Od soboty 1 sierpnia można aktywować bony turystyczne na wakacje dla dzieci. Na każdego juniora przypada 500 zł, które można przeznaczyć na… No właśnie na co? Sprecyzowanie zasad korzystania z pieniędzy od rządu nie jest wcale takie proste, ale na zapoznanie się z regułami rodzice mają sporo czasu, bo aż do kwietnia 2022 r.

Bon turystyczny od rządu to zastrzyk gotówki na urlop dla dziecka... pod warunkiem, że wiesz, jak go użyć, co wcale nie jest tak oczywiste, jak mogłoby się wydawać.
Bon o wartości 500 złotych należy się rodzicom minimum jednego dziecka. W przypadku pociechy z niepełnosprawnością kwota ta jest dwukrotnie wyższa i wynosi 1000 zł.
Ze środków można skorzystać do 31 marca 2022 roku, a wydatki muszą być poczynione bezpośrednio na rzecz dziecka.
Przedsiębiorca lub organizacja, o którym mowa, powinien znajdować się na tworzonej i aktualizowanej przez POT, Liście Podmiotów.
Bon turystyczny nie jest jednak papierowym biletem, a generowanym w systemie po rejestracji na Platformie Usług Elektronicznych ZUS 16-cyfrowym numerem, przysyłanym na podany na platformie numer telefonu lub e-mail. Na PUE ZUS można zalogować się, korzystając z bankowości elektronicznej największych polskich banków.
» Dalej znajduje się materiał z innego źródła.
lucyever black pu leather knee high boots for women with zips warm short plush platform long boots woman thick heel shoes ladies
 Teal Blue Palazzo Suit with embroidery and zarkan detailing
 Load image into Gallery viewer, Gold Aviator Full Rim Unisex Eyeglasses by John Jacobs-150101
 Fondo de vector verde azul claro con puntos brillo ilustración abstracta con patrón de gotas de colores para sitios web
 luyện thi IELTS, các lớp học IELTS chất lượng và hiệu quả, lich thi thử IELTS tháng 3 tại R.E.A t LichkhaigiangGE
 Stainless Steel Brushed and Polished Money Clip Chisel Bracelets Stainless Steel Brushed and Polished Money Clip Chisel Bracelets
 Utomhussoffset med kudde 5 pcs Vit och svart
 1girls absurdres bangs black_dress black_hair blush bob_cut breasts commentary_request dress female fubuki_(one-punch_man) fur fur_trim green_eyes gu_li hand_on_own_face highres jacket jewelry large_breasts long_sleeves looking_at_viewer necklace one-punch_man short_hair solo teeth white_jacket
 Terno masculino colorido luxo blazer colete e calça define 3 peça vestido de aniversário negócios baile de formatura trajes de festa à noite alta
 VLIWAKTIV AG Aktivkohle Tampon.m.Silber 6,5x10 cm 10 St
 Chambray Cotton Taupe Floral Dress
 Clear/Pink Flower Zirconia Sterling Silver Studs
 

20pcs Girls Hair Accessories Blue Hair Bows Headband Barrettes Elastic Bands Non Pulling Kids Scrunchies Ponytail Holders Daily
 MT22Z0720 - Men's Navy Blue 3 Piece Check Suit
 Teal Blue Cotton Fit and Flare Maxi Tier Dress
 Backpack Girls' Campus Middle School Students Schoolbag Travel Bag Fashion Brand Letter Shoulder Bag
Podobnie, jak w przypadku składania przez internet wniosku o 500+ czy 300 zł na wyprawkę szkolną (300+).
Rodzice mają problemy z bonem turystycznym
Dla niektórych nie jest to znowuż takie proste. Bon bywa niewidoczny dla jednego z rodziców, podczas gdy drugi ma wszystko w jak najlepszym porządku. W tym wypadku może mieć znaczenie, który z nich składał wcześniej wniosek o 500+. Warto więc, by o bon turystyczny wystąpiła ta sama osoba. Zakład Ubezpieczeń Społecznych nie wypowiedział się jednoznacznie, dlaczego występują takie problemy i czy zamierza je jakoś rozwiązać.
A kłopoty z systemem pojawiają się także w kilku innych sytuacjach. Aby dziecko z niepełnosprawnością otrzymało bon, konieczne jest wypełnienie dodatkowego formularza i załączenie ważnego orzeczenia o niepełnosprawności wraz ze zdjęciem. Potem rodzic zmuszony jest czekać na rozpatrzenie takiego wniosku. Nie jestem pewny, czy rzucanie takich kłód rodzicom dzieci wymagających więcej uwagi i troski, to rozsądne rozwiązanie.
Dodatkowo przez to, że rejestracja odbyła się już jakiś czas temu, w systemie widnieć mogą stare dane, np. nieważnego dowodu osobistego, przez co nie ma pewności, czy po pobraniu bonu nie rodzice nie będą mieć kłopotów z jego użyciem.
Nie wiadomo jeszcze, kiedy i jak zostaną rozwiązane błędy oraz nieścisłości.
Bony obejmują dwa rodzaje wydatków, spośród których pierwszym są opłaty za usługi hotelarskie, wynajem miejsc noclegowych w hostelach, kempingach i pokoi. Wszystkie muszą być opłacane oddzielnie za rodziców oraz dziecko. I tu zaczynają się schody.
Nie ma precyzyjnej listy wydatków, na jakie mają posłużyć pieniądze z bonów. Wiadomo, że nie obejmuje on kosztów przeznaczonych na paliwo ani biletów.
Nie ma też co liczyć na szaleństwo w lodziarni czy w kinie, a nawet obiady na wyjeździe. No, chyba że odbywać się one będą w ramach kolonii - dopiero wówczas usługi tego typu mogą być pokrywane z pieniędzy od rządu.
Najlepszym rozwiązanie jest opłacenie bonem imprezy turystycznej, jak obóz, kolonie albo zielona szkoła.